Hi,
It depends on a lot of variables, but ultimately the question you're asking is that most things are not going to be substantially better, ever, from the budget standpoint speaker. If you consider that even a cheap $25 speaker is able to perform pretty frigg'n good for that $25, how on Earth do you get massive returns on something that is $500? $1000? More? You start to see massive diminishing returns. Everyone will have their argument for a price point as a break point where you have a sharper drop in return for the cost. But really, the decent budget stuff is about as good as it gets for the money and everything is a massive massive diminishing return for cost as you increase cost.
So more variables become part of this to help differentiate it for you. It's not the same for everyone. Your preferences. Your true needs. Your room. Your source content. All this stuff matters and plays a role in this.
Could you upgrade those Jamos? Sure. Would it be way better? Maybe, maybe not. It's hard to define way better. From a metric standpoint, it wouldn't be difficult to beat them. But from a psychoacoutic standpoint, it could be possible to enjoy them better than a $100,000 set of speakers. We really are not that great at hearing and we're fairly bass deaf. Few people have exceptional hearing that allows them to accurately and precisely and consistently pick apart something, without education and experience and still will be beaten by metrics.
Your room matters. Your purpose matters. Your content matters.

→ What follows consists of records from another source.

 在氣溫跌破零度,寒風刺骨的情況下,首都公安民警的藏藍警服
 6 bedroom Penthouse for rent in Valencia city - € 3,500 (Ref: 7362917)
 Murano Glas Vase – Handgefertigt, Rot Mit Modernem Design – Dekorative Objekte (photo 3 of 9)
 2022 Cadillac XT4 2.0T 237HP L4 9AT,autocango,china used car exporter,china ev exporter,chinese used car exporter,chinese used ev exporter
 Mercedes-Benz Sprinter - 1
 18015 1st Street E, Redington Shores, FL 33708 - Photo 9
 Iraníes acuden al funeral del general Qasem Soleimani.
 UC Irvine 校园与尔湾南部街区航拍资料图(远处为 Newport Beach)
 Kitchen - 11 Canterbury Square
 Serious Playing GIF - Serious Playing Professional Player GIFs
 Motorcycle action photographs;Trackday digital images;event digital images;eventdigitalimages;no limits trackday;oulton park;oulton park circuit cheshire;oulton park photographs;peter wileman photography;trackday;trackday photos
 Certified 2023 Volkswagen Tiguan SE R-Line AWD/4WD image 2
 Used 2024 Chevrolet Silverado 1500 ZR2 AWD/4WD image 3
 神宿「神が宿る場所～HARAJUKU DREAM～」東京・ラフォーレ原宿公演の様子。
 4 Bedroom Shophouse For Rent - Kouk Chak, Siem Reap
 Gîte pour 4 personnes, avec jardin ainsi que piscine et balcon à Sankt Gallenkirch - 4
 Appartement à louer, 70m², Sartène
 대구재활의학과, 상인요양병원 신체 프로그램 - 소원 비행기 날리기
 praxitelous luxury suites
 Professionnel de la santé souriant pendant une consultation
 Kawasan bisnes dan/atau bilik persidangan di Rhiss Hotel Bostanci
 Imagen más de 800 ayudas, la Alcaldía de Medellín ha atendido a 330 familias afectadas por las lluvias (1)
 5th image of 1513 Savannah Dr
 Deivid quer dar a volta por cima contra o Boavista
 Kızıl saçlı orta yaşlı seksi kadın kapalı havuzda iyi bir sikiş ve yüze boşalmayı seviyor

The best thing is what you did. You auditioned more speakers. Unless you're into metrics, the best way to find something to spend your money on is to listen to it on well known content to you. If it sounds better, then you're set. There are so many luxury ways to get your hands on so many different speakers for near nothing, you buy, the ship to your door free, you audition, and you send them back if you want, no questions asked, for free or a small fee, to audition most speakers. Use these luxuries. Lots of companies do this. You can try it out yourself. Keep the one that wins over the rest. Do a shoot out.
Instead of focusing on price, start focusing on speaker design and some specific performance metrics. There are excellent speakers that are inexpensive. And there are expensive speakers that have poor performance.